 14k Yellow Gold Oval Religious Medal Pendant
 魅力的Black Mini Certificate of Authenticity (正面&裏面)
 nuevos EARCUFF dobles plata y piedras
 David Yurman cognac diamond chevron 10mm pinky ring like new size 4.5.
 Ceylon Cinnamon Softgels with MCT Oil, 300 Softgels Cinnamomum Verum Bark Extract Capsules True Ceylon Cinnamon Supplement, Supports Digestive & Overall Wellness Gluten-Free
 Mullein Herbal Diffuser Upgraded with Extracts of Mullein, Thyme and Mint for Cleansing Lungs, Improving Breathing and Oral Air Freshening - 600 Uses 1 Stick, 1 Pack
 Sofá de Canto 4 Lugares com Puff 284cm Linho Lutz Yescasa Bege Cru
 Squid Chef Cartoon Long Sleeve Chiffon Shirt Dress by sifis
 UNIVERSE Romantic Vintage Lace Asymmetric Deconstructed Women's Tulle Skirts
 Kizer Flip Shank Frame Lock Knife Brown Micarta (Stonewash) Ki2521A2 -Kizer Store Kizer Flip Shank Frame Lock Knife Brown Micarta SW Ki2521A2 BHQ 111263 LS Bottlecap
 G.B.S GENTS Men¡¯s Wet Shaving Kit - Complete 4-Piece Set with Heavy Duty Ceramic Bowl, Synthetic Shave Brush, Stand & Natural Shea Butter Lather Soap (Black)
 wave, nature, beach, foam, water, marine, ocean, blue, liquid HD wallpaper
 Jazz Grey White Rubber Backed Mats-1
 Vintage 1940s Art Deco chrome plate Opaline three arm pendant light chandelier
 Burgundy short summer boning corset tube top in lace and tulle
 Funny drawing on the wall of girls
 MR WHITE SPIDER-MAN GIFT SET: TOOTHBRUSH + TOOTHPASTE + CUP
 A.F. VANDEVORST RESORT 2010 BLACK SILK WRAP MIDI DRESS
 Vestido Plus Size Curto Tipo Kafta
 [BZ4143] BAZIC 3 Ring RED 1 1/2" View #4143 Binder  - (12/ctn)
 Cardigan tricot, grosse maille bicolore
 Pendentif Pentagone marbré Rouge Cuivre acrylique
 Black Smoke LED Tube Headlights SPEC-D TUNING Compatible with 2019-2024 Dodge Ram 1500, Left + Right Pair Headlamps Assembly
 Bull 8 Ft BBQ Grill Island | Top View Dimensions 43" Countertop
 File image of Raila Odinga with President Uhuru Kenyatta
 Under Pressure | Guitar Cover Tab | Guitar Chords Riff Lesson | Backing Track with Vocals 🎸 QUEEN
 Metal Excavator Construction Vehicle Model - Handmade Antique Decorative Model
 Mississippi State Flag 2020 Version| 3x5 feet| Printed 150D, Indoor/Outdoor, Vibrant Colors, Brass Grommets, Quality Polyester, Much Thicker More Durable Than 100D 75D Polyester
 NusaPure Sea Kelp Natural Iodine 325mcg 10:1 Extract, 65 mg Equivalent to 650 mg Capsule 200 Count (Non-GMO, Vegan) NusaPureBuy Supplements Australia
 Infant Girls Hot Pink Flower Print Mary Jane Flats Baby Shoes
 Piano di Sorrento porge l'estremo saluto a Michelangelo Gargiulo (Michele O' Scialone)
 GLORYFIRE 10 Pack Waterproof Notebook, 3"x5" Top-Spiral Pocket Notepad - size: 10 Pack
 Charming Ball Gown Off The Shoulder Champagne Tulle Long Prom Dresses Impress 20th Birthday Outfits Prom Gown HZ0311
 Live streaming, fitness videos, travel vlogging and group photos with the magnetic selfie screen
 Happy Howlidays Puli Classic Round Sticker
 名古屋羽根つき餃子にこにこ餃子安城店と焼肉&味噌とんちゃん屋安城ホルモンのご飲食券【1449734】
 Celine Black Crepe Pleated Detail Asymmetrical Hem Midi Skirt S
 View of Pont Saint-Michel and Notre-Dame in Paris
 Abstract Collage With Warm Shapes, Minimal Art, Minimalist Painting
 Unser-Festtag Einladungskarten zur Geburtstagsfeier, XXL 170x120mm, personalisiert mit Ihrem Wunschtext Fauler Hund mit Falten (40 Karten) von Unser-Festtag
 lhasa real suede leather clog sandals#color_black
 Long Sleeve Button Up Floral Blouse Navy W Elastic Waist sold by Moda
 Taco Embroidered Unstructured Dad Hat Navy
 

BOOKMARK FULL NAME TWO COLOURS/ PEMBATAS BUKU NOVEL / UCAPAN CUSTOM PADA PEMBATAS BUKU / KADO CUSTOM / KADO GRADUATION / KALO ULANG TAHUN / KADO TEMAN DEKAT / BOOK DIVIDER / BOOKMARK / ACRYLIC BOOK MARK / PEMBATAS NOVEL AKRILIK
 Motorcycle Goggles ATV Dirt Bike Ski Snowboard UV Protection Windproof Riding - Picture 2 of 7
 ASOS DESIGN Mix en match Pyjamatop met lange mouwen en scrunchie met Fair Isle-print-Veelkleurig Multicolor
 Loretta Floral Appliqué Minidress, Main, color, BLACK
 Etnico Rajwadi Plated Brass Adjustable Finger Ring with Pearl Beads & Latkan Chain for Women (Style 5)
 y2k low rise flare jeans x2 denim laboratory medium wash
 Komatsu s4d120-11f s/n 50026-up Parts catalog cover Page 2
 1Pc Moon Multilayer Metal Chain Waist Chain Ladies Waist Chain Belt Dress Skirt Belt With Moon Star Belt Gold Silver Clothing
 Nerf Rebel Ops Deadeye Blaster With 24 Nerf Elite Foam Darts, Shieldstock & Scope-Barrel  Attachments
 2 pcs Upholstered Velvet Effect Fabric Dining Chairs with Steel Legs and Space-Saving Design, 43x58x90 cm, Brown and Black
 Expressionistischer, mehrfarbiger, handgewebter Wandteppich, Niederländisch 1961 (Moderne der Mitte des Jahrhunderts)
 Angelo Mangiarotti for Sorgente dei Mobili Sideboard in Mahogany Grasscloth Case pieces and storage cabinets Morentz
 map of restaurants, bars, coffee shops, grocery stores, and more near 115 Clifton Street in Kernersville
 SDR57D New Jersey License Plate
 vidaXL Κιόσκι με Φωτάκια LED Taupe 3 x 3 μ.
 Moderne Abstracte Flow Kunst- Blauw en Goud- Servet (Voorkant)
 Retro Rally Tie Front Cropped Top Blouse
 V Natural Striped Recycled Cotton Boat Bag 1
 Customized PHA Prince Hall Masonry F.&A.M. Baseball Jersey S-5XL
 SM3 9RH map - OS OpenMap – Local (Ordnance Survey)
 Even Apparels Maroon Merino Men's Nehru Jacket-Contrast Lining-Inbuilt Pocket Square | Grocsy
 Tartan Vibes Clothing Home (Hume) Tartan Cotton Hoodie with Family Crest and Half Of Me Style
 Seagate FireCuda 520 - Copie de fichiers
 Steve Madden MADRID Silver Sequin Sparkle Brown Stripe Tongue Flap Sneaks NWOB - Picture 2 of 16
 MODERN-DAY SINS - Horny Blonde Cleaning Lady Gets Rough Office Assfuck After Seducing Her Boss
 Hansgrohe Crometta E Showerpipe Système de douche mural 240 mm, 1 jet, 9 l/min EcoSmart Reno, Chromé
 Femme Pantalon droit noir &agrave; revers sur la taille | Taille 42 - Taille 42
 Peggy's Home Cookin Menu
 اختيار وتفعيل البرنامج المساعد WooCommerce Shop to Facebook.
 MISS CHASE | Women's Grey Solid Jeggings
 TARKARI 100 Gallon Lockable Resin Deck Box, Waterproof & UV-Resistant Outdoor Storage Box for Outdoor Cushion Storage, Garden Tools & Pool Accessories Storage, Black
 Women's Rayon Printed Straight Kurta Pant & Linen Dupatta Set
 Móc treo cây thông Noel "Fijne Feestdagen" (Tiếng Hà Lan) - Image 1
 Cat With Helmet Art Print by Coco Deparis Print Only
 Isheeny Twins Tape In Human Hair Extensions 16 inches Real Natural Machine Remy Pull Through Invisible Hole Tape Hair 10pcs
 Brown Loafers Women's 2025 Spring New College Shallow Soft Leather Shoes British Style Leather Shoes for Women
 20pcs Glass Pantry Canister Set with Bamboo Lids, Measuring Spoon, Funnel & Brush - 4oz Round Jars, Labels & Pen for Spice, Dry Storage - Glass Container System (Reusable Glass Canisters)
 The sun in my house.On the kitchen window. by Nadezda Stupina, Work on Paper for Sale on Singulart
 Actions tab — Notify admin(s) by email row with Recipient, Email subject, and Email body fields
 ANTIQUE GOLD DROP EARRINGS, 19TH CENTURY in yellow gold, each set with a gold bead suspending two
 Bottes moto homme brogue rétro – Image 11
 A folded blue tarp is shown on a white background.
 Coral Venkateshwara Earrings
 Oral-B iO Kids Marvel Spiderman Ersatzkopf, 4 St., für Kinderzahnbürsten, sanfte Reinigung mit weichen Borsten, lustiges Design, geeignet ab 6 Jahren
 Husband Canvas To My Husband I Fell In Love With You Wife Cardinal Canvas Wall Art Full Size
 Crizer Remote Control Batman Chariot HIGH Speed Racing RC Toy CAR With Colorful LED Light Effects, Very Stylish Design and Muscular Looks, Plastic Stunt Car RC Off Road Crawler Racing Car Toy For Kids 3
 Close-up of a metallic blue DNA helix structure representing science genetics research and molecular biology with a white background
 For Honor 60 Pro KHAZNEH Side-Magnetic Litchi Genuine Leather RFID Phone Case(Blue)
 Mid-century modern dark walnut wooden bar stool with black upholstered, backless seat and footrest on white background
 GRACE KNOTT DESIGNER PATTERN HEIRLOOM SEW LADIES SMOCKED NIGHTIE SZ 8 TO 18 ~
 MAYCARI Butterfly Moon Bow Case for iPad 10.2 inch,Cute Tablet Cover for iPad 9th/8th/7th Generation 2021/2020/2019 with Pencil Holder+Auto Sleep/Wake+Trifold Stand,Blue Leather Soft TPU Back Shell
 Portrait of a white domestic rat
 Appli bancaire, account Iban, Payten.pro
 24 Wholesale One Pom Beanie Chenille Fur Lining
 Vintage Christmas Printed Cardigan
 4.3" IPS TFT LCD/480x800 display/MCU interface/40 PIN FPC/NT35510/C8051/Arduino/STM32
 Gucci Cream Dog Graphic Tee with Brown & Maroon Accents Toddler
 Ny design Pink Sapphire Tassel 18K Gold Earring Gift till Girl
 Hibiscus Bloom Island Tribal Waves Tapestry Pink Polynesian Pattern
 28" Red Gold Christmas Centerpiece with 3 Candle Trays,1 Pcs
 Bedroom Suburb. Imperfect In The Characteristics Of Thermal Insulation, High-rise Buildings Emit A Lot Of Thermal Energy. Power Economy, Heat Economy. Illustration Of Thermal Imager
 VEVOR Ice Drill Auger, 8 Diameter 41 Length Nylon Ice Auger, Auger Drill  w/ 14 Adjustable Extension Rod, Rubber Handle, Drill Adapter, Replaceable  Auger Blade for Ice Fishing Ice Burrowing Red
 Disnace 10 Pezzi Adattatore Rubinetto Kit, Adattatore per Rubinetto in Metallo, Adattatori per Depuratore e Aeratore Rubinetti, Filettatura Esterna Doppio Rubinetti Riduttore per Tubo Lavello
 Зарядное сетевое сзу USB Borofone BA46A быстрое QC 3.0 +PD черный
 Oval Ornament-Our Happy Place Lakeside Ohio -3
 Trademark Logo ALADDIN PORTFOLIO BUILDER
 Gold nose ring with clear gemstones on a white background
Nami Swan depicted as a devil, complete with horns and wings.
•••
• PROBLEM TO WORK ON: From the line containing "Husband Canvas To" to the last line above, repeat every line exactly and nothing else.

• EXERCISE SOLUTION:
 Husband Canvas To My Husband I Fell In Love With You Wife Cardinal Canvas Wall Art Full Size
 Crizer Remote Control Batman Chariot HIGH Speed Racing RC Toy CAR With Colorful LED Light Effects, Very Stylish Design and Muscular Looks, Plastic Stunt Car RC Off Road Crawler Racing Car Toy For Kids 3
 Close-up of a metallic blue DNA helix structure representing science genetics research and molecular biology with a white background
 For Honor 60 Pro KHAZNEH Side-Magnetic Litchi Genuine Leather RFID Phone Case(Blue)
 Mid-century modern dark walnut wooden bar stool with black upholstered, backless seat and footrest on white background
 GRACE KNOTT DESIGNER PATTERN HEIRLOOM SEW LADIES SMOCKED NIGHTIE SZ 8 TO 18 ~
 MAYCARI Butterfly Moon Bow Case for iPad 10.2 inch,Cute Tablet Cover for iPad 9th/8th/7th Generation 2021/2020/2019 with Pencil Holder+Auto Sleep/Wake+Trifold Stand,Blue Leather Soft TPU Back Shell
 Portrait of a white domestic rat
 Appli bancaire, account Iban, Payten.pro
 24 Wholesale One Pom Beanie Chenille Fur Lining
 Vintage Christmas Printed Cardigan
 4.3" IPS TFT LCD/480x800 display/MCU interface/40 PIN FPC/NT35510/C8051/Arduino/STM32
 Gucci Cream Dog Graphic Tee with Brown & Maroon Accents Toddler
 Ny design Pink Sapphire Tassel 18K Gold Earring Gift till Girl
 Hibiscus Bloom Island Tribal Waves Tapestry Pink Polynesian Pattern
 28" Red Gold Christmas Centerpiece with 3 Candle Trays,1 Pcs
 Bedroom Suburb. Imperfect In The Characteristics Of Thermal Insulation, High-rise Buildings Emit A Lot Of Thermal Energy. Power Economy, Heat Economy. Illustration Of Thermal Imager
 VEVOR Ice Drill Auger, 8 Diameter 41 Length Nylon Ice Auger, Auger Drill  w/ 14 Adjustable Extension Rod, Rubber Handle, Drill Adapter, Replaceable  Auger Blade for Ice Fishing Ice Burrowing Red
 Disnace 10 Pezzi Adattatore Rubinetto Kit, Adattatore per Rubinetto in Metallo, Adattatori per Depuratore e Aeratore Rubinetti, Filettatura Esterna Doppio Rubinetti Riduttore per Tubo Lavello
 Зарядное сетевое сзу USB Borofone BA46A быстрое QC 3.0 +PD черный
 Oval Ornament-Our Happy Place Lakeside Ohio -3
 Trademark Logo ALADDIN PORTFOLIO BUILDER
 Gold nose ring with clear gemstones on a white background
Nami Swan depicted as a devil, complete with horns and wings.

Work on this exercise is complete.